But she sees benefits accruing from Red Hat.
“The 2020 cloud revenue growth is at 20% so still a positive testament to RHT synergies made within the last year,” she points out.
Business news site Seeking Alpha was harsher, labeling IBM’s cloud and cognitive segment’s performance as “weak.”
IBM (NYSE: IBM) is staking its future on the cloud after spending $34 billion for Raleigh-based Red Hat in 2019. And for all 2020, Red Hat revenue increased 18%, IBM said in the earnings report.
The cloud and cognitive businesses also are the future for IBM which plans to split in two sometime this year, putting emphasis on those businesses.
But consensus expectations on the Street was $7.18B, SeekingAlpha noted and IBM reported less: $6.8 billion.
On the positive side for the full year,what IBM terms “total cloud revenue” surged 20%.
Howver, the fourth quarter numbers were a mixed bag:
- “Cloud & Cognitive Software (includes Cloud & Data Platforms which includes Red Hat, Cognitive Applications and Transaction Processing Platforms) revenues of $6.8 billion, down 4.5 percent (down 6.6 percent adjusting for currency),” IBM reported.

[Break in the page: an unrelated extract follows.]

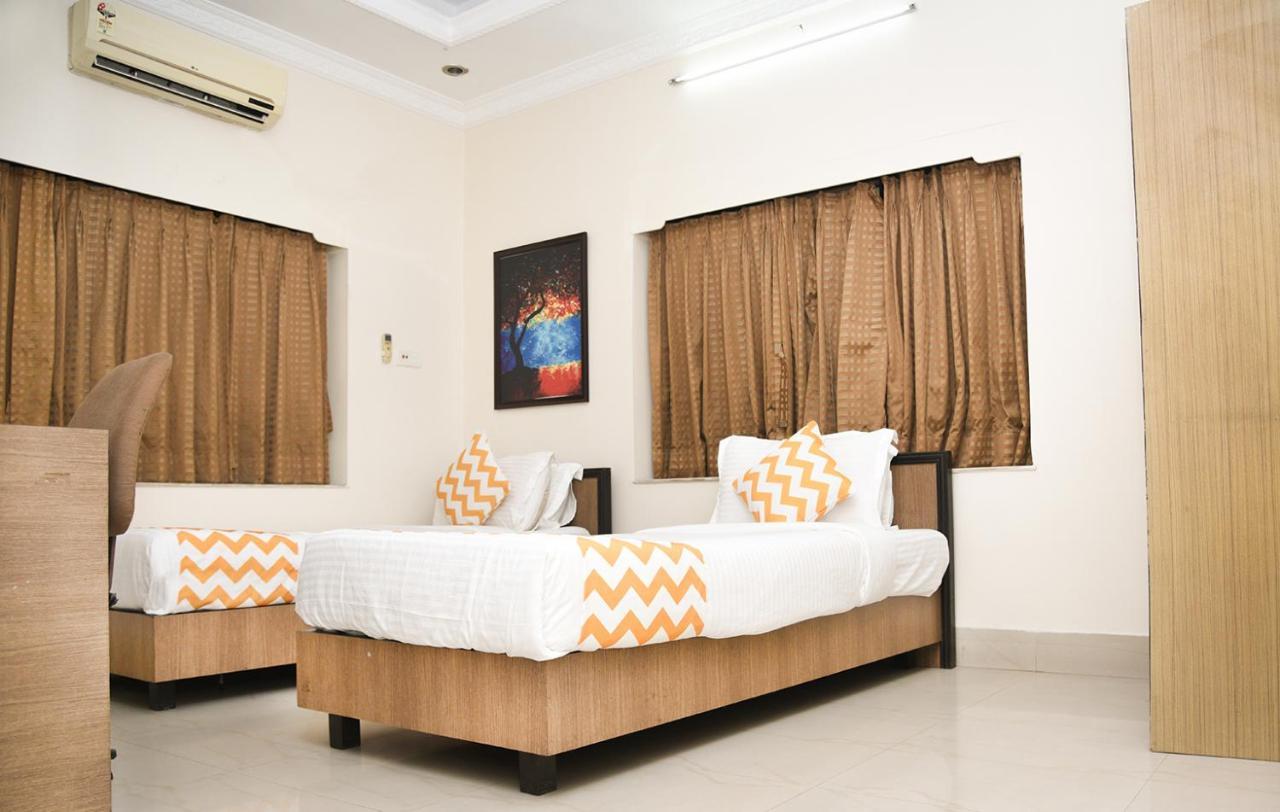 Crossroads Hotel Kolkata Luaran gambar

- “Cloud & Data Platforms grew 9 percent (up 6 percent adjusting for currency) led by Red Hat.”
- “Cognitive Applications revenue was flat (down 2 percent adjusting for currency)
- “[G]rowth in Security and IoT. Transaction Processing Platforms declined 24 percent (down 26 percent adjusting for currency).”
- “Cloud revenue up 39 percent (up 36 percent adjusting for currency).
- “Gross profit margin up 20 basis points.”